/cacheus

The design and algorithms used in Cacheus are described in this USENIX FAST'21 paper and talk video: https://www.usenix.org/conference/fast21/presentation/rodriguez

Primary LanguagePython

This repository contains the code used in the Cacheus Project

All caching algorithm implementations are located in the code/algs folder. This folder contains multiple algorithm implementations using original code provided on several publications. Examples of such policies are LIRS, ARC and DLIRS which an cover important state-of-the-art algorithms for cache management.

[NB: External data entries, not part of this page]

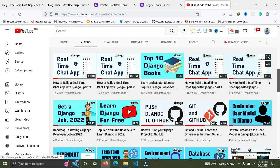Lastly, for you to master Django and become truly comfortable with it, I recommend you build anything that has to do with a management system — for example, a school management system, a hospital management system, or a church management system. If you can build those kinds of applications correctly and effectively, you are on your way to becoming a Django expert.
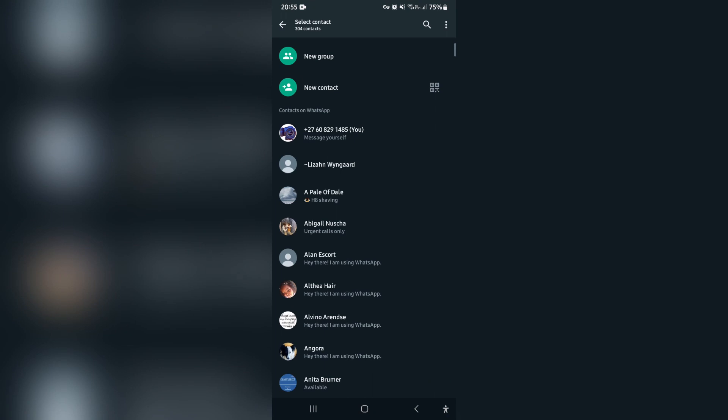Now, this is where you'll be able to access it. So underneath new contact, it'll say chat with Meta AI. You'll have to tap on that option, and then you will create a new chat with Meta AI.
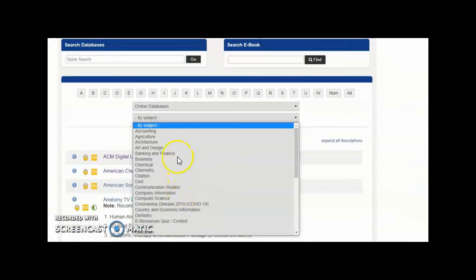If you are not sure of the online database title, you can choose from the various subjects listed in the subject dropdown button.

In addition, this repo includes the parsing code to run cache simulation with several workloads available on the SNIA Website such as FIU, MSR, Nexus 5 Smartphone, CloudCache and CloudVPS.

Cacheus

Cacheus is a novel cache replacement algorithms designed for paging domain. This strategy is an evolution of the ML-based algorithm LeCaR which achieves good performance when cache sizes are small relative to the working set.

Running

To run experiments, the configuration file can be modified appropriately with the specific parameters such as input file location, cache size, algorithm and dataset name. The next step is executing the following command in the console:

python run.py example.config

This framework also allows generating detailed plots to visualize the internal state of the algorithms as well as hit-rate over time and workload's access patterns.

Paper

  • The relevant paper to cite for follow-up or related work on Cacheus is:

@inproceedings {cacheus-fast21, author = {Liana V. Rodriguez and Farzana Yusuf and Steven Lyons and Eysler Paz and Raju Rangaswami and Jason Liu and Ming Zhao and Giri Narasimhan}, title = {Learning Cache Replacement with {CACHEUS}}, booktitle = {19th {USENIX} Conference on File and Storage Technologies ({FAST} 21)}, year = {2021}, url = {https://www.usenix.org/conference/fast21/presentation/valdes}, publisher = {{USENIX} Association}, month = February, }

  • The relevant paper to cite for follow-up or related work on LeCaR is:

@inproceedings {lecar-hotstorage19, author = {Giuseppe Vietri and Liana V. Rodriguez and Wendy A. Martinez and Steven Lyons and Jason Liu and Raju Rangaswami and Ming Zhao and Giri Narasimhan}, title = {Driving Cache Replacement with ML-based LeCaR}, booktitle = {10th {USENIX} Workshop on Hot Topics in Storage and File Systems (HotStorage 18)}, year = {2018}, address = {Boston, MA}, url = {https://www.usenix.org/conference/hotstorage18/presentation/vietri}, publisher = {{USENIX} Association}, month = July, }

Acknowledgments

Song Jiang shared the original code for LIRS that we adapted to Python and used for comparative evaluation.